Second, most of these issues of the campaign were well known for months, and the VP selection known back in early September, so the sudden rush now to endorse Obama seemed to coincide with a sudden jump in the polls and reflected the influence of perceived momentum;

Third, there is apparently a philosophical difference about what constitutes wisdom in the political sense: while one is impressed that Niebuhr and other thinkers may well be instantly referenced by Obama, that familiarity does not necessarily translate into common sense or ethical judgment (cf. everything from the apparent prior admiration for Wright and Ayers to the wisdom of expanding taxation in times of financial uncertainty), nor does it suggest that Palin’s own story as a working mom, without connections or capital, who pulled herself up through the rough world of Alaskan politics, is not reflective of an equally valuable practical knowledge that is too often ignored.

“Yep. Every week. 11-o’clock service.”

I am baffled why it is racist to inquire about the racist Rev. Wright when Obama himself not so long ago boasted of the value of his friendship with Wright, and sympathetic journalists saw the radical Wright as a sort of proof of Obama’s leftwing fides. And while we are battered by economic news, and Wright becomes a “distraction”, that defensive argument is largely used out of embarrassment, since at one time most in the Obama circle once saw Wright, in the mode of the Ayers friendship and the ACORN patronage, as a definite plus. Only when he became a liability as the race widened was Wright dropped. And by the time Obama had become a messianic figure, any remembrance of Wright at all, in Orwellian fashion, transmogrified into our present smear of “racist.” That was then, this is now. So, for example, we forget that in February 2007, the progressive journalist Ben Wallace-Wells wrote a balanced, but sympathetic article for Rolling Stone about the soon-to-be presidential candidate Barack Obama entitled “Destiny’s Child.” After examining Obama’s associates, world view, and background, Wallace-Wells concluded, I think, in admiration:

This is as openly radical a background as any significant American political figure has ever emerged from, as much Malcolm X as Martin Luther King Jr. Wright is not an incidental figure in Obama’s life, or his politics. The senator “affirmed” his Christian faith in this church; he uses Wright as a “sounding board” to “make sure I’m not losing myself in the hype and hoopla.” Both the title of Obama’s second book, The Audacity of Hope, and the theme for his keynote address at the Democratic National Convention in 2004 come from Wright’s sermons. “If you want to understand where Barack gets his feeling and rhetoric from,” says the Rev. Jim Wallis, a leader of the religious left, “just look at Jeremiah Wright.”

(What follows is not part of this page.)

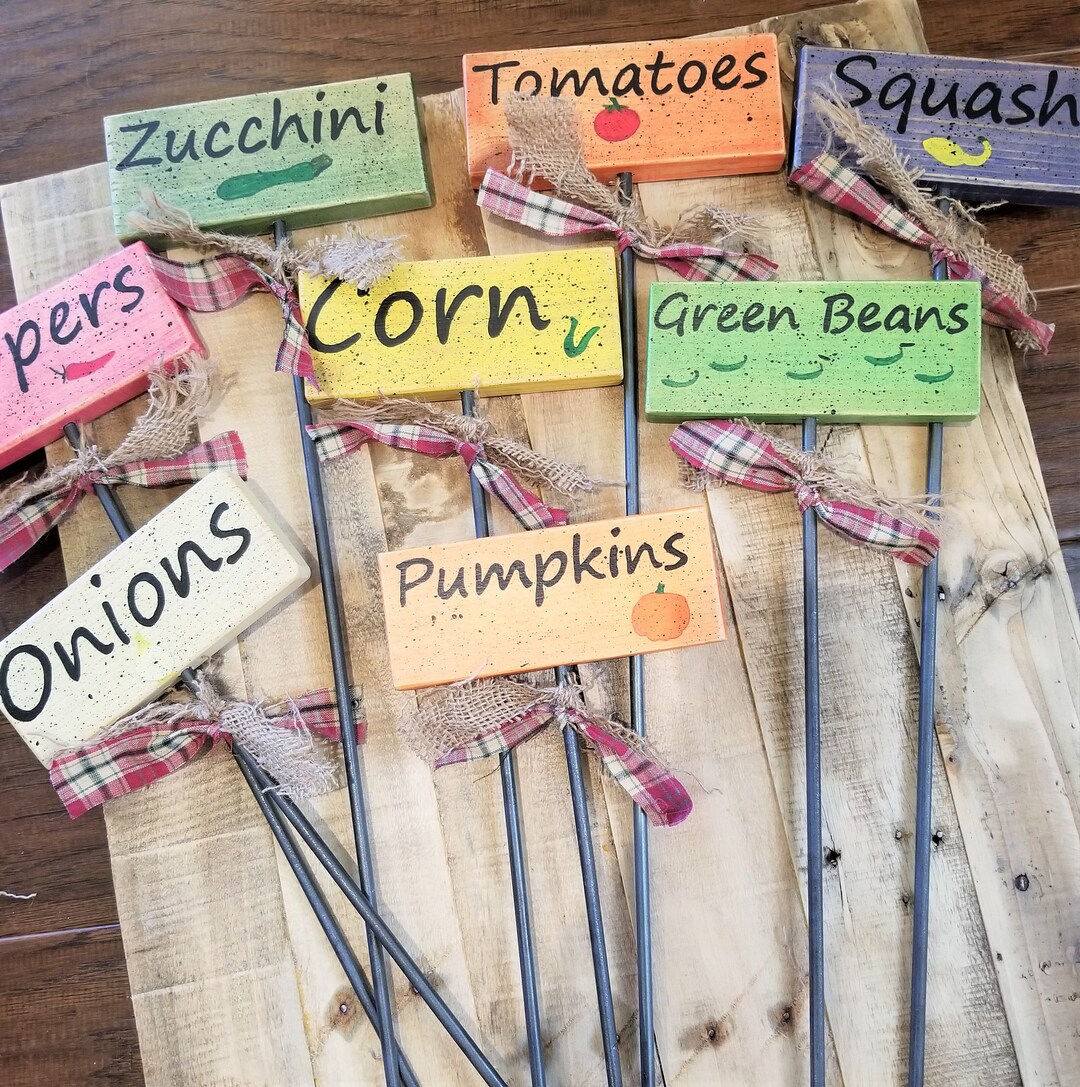 Wood Garden Stakes Decorative Garden Stakes Garden Markers Etsy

Obama wasn’t born into Wright’s world. His parents were atheists, an African bureaucrat and a white grad student, Jerry Falwell’s nightmare vision of secular liberals come to life. Obama could have picked any church — the spare, spiritual places in Hyde Park, the awesome pomp and procession of the cathedrals downtown. He could have picked a mosque, for that matter, or even a synagogue. Obama chose Trinity United. He picked Jeremiah Wright. Obama writes in his autobiography that on the day he chose this church, he felt the spirit of black memory and history moving through Wright, and “felt for the first time how that spirit carried within it, nascent, incomplete, the possibility of moving beyond our narrow dreams.”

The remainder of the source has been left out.